*** Opening The data ***

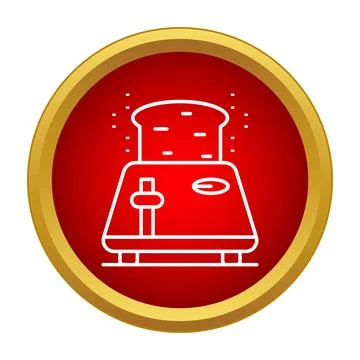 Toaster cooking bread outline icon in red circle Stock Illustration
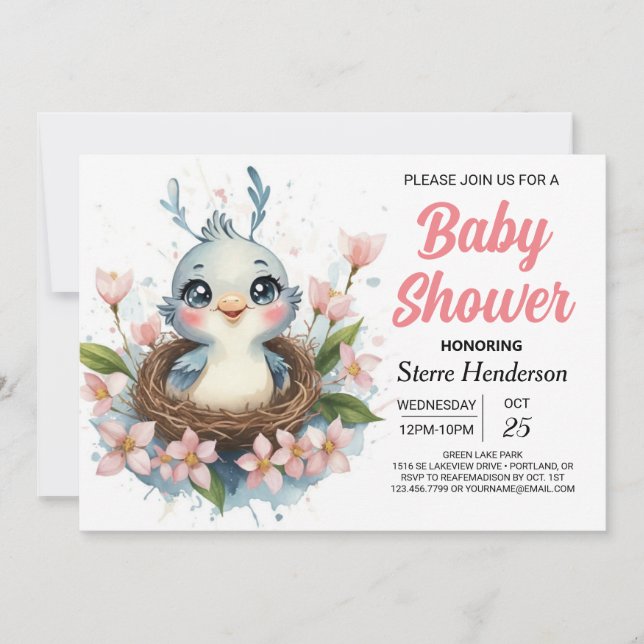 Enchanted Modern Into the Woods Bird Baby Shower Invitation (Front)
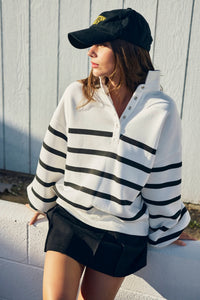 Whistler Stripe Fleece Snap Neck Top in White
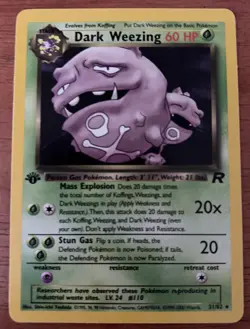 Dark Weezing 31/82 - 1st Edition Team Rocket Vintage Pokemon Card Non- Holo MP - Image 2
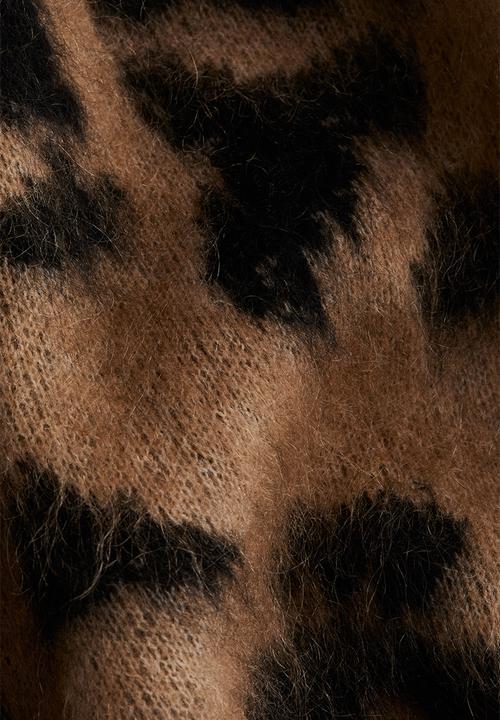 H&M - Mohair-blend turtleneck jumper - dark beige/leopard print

*** Closing The data ***

### Try it
Pictures are not part of the copy. Please reproduce the material word for word.

### Written answer
 Toaster cooking bread outline icon in red circle Stock Illustration
 Enchanted Modern Into the Woods Bird Baby Shower Invitation (Front)
 Whistler Stripe Fleece Snap Neck Top in White
 Dark Weezing 31/82 - 1st Edition Team Rocket Vintage Pokemon Card Non- Holo MP - Image 2
 H&M - Mohair-blend turtleneck jumper - dark beige/leopard print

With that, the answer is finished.